April 18, 2007

Crank up the stereotype

There’s a very Canadian chain of hardware-retail stores called Canadian Tire, and I was in one the other day.

“Crappy Tire,” as it is semi-affectionately referred to by semi-frustrated Canadians, has a popular incentive for customers to use cash and not credit: they give you “Canadian Tire Money” in small amounts based on your sale total. You then can use the “money” on your next cash purchase.

Canadian Tire has used a balmoral-wearing, tartaned “Scrooge” character for as long as I can remember. The character I think is intended to denote the qualities of saving and thrift. The character is on the company’s money, and has been featured in its ad campaign. It’s a combination of the Christmas Carol persona and a stereotyped tight-0fisted Scot.

The company’s insinuation is that penny-pinching is good, but the big lesson of Dickens’s story is that they can make people horrible. Old Scrooge, who hoards his money and is distrustful of all, is hateful; the reborn Scrooge, who shares his wealth and learns to love his fellow man, is loveable. Canadian Tire lamely puts a trace of a smile on the character, perhaps to skirt the Old Scrooge issue. This has always made me think.

Why is it okay to stereotype Scottish people as misers? Thrift can be seen as a good thing, but the Scrooge-like, bah-humbug thing is a bit insulting, especially when you remember that Toronto’s population reportedly has more first-generation Scots than the city of Aberdeen.

As I mentioned before, the Groundskeeper Willie Scottish stereotype is pervasive, and it’s used to sell everything from bevy to chuggy. Martinet “Scottish” characters, replete with wild red hair and screeching voice, are somehow okay.

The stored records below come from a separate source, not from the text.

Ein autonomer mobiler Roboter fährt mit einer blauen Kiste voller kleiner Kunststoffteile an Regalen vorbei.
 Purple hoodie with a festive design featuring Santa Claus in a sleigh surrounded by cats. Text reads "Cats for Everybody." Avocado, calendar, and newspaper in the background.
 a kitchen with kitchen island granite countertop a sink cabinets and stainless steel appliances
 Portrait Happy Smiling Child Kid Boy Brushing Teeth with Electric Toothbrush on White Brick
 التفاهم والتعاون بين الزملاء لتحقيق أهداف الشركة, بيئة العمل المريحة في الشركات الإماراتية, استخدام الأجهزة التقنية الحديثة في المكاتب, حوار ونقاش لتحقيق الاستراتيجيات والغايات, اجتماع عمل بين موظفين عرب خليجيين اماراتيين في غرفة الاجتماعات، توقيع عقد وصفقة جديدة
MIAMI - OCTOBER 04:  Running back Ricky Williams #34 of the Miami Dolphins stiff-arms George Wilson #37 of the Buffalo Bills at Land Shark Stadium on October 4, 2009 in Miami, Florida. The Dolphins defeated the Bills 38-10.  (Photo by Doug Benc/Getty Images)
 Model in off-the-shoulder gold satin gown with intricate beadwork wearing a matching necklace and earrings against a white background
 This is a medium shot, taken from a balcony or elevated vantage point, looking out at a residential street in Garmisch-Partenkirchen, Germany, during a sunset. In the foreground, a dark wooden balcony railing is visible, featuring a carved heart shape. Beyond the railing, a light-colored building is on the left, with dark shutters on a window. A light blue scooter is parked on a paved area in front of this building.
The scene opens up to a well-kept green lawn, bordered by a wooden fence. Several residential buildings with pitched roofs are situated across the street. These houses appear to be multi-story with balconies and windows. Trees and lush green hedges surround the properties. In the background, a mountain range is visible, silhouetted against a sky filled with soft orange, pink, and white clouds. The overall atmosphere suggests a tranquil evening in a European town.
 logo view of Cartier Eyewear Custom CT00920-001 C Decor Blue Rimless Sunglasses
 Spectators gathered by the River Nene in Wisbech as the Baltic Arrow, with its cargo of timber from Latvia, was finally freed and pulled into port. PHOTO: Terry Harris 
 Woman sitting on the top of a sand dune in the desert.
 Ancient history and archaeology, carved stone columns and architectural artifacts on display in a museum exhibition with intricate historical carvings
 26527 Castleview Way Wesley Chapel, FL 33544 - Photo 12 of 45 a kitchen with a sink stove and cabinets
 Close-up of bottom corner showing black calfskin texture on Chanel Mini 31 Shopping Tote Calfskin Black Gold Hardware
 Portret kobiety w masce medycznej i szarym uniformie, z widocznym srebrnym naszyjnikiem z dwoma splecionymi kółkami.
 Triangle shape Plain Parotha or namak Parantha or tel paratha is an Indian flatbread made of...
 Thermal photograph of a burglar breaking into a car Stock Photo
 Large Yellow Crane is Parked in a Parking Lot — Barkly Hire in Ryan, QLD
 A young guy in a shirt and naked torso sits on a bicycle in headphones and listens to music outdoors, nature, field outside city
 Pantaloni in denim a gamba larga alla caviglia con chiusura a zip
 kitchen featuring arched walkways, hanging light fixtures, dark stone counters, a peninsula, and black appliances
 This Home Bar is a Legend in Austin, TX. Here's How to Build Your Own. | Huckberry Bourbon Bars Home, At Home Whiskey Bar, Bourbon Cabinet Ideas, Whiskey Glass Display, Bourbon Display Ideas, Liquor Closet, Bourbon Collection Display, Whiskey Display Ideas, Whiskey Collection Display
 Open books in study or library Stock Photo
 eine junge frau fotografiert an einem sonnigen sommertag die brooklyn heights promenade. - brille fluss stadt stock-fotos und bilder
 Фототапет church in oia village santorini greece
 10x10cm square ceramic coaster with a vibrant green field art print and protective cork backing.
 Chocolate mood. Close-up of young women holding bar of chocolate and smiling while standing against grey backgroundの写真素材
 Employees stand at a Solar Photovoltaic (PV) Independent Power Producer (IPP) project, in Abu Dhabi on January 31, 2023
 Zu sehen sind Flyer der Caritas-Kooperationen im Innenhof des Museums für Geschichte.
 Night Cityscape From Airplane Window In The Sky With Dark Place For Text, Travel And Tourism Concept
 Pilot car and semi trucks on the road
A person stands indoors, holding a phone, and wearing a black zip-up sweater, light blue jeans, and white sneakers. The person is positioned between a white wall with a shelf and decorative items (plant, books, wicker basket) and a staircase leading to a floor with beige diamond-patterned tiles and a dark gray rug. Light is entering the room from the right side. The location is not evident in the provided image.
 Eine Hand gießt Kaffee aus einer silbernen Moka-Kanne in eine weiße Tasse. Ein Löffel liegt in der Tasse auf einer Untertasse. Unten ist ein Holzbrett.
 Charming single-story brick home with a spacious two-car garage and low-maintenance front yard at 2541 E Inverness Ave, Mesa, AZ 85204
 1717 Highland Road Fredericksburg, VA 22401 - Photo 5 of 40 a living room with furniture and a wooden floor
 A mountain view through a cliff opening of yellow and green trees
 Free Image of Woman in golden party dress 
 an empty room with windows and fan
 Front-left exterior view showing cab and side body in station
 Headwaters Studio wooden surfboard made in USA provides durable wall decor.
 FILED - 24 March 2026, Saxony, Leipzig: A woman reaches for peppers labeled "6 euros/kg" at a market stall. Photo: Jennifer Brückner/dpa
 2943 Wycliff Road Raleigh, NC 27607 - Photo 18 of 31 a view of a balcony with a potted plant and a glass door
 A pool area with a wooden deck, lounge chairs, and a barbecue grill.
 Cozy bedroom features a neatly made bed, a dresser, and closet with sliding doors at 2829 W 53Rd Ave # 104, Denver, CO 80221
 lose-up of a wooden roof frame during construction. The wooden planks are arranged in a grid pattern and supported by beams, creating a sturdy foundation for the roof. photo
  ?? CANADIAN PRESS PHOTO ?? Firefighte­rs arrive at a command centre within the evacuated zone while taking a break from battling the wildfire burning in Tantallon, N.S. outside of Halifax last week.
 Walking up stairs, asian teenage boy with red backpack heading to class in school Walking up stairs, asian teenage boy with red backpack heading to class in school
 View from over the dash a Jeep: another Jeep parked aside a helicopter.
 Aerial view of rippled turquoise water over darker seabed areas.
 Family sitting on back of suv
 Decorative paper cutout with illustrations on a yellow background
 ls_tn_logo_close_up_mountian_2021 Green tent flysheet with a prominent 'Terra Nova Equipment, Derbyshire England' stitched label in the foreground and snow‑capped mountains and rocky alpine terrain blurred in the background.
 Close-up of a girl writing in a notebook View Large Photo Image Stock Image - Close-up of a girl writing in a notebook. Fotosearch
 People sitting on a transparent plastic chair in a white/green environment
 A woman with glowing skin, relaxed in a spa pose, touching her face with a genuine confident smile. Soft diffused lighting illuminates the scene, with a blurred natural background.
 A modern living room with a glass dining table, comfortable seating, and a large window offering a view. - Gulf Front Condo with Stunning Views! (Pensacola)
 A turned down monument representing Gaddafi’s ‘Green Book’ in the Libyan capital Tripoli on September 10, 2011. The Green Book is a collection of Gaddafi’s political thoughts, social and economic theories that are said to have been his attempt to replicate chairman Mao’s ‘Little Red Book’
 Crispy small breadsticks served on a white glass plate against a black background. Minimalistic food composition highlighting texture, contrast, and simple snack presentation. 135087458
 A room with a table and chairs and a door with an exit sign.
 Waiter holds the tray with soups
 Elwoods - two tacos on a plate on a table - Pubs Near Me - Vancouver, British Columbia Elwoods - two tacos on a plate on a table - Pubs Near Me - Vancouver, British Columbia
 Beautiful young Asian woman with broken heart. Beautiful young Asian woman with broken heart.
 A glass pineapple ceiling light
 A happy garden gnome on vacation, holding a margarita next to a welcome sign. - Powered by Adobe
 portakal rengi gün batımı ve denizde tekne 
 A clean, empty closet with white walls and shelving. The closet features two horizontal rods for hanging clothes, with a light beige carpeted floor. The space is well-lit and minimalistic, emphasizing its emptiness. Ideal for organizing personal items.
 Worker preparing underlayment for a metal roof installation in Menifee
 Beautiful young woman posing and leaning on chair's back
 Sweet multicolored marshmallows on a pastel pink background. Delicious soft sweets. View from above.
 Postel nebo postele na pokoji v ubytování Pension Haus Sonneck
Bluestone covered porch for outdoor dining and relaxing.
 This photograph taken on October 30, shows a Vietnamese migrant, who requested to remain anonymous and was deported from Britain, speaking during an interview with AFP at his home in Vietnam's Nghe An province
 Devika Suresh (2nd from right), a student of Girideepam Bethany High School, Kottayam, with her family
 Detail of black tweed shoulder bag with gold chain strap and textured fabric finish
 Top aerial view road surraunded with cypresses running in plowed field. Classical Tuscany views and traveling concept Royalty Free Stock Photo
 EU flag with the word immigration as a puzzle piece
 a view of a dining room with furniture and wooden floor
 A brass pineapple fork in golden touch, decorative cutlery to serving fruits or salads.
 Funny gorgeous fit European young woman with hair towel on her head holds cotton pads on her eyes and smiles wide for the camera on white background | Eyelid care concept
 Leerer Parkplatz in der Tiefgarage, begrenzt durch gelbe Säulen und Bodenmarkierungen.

I mean, one doesn’t see ads featuring a Shylock character, encouraging people to emulate a penny-pinching-Jew. That would be the gross and insulting stereotype that it is. People justly recoil against stereotypes of African-Americans, and Don Imus is dismissed for his ignorance. Good.

Maybe Scots are just good at not taking themselves too seriously, and the ability to laugh at ones self is generally a good quality. I just wonder why some negative stereotypes are allowed and some aren’t.